#### RECORDED DATA
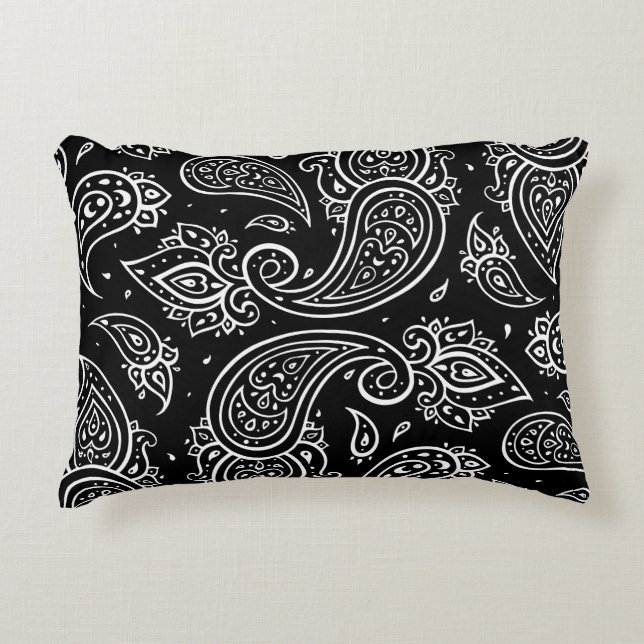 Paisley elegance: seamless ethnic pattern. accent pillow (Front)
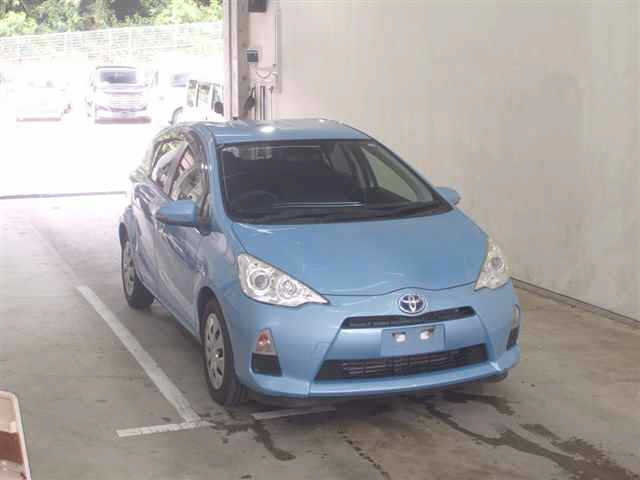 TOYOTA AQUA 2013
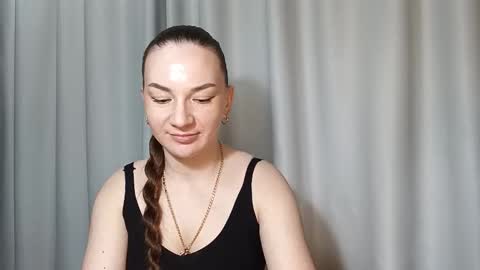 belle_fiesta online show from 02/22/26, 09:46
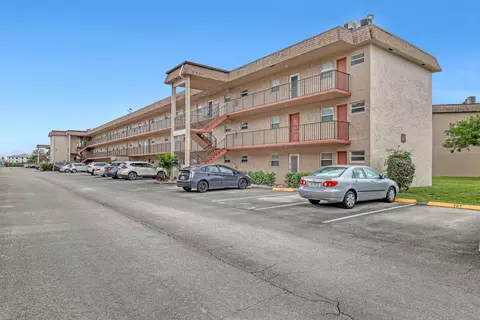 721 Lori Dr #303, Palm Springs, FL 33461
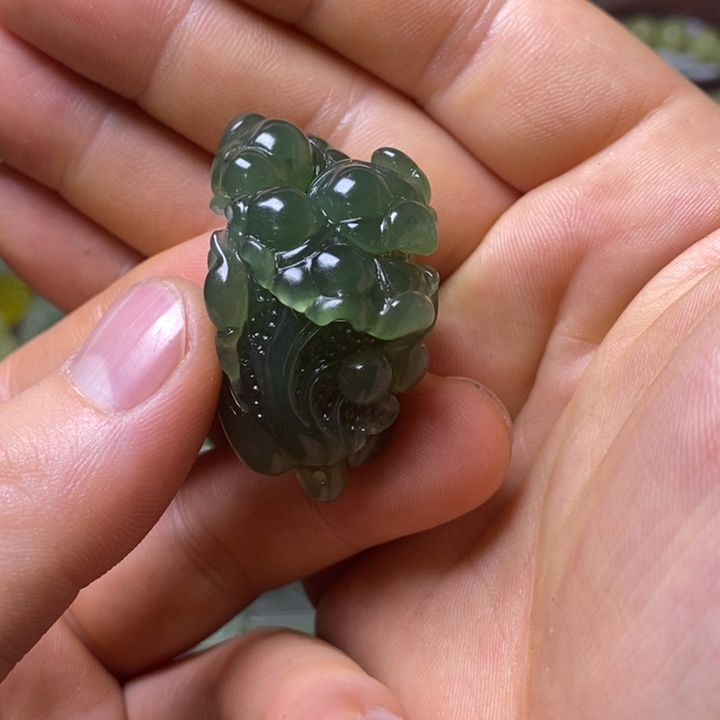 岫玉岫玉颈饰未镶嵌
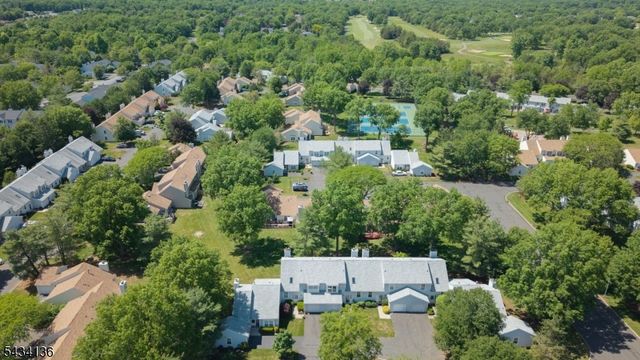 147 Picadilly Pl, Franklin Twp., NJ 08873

#### TASK TO COMPLETE
Repeat all of the material above exactly, leaving out pictures.

#### RESULT OF THIS TASK
 Paisley elegance: seamless ethnic pattern. accent pillow (Front)
 TOYOTA AQUA 2013
 belle_fiesta online show from 02/22/26, 09:46
 721 Lori Dr #303, Palm Springs, FL 33461
 岫玉岫玉颈饰未镶嵌
 147 Picadilly Pl, Franklin Twp., NJ 08873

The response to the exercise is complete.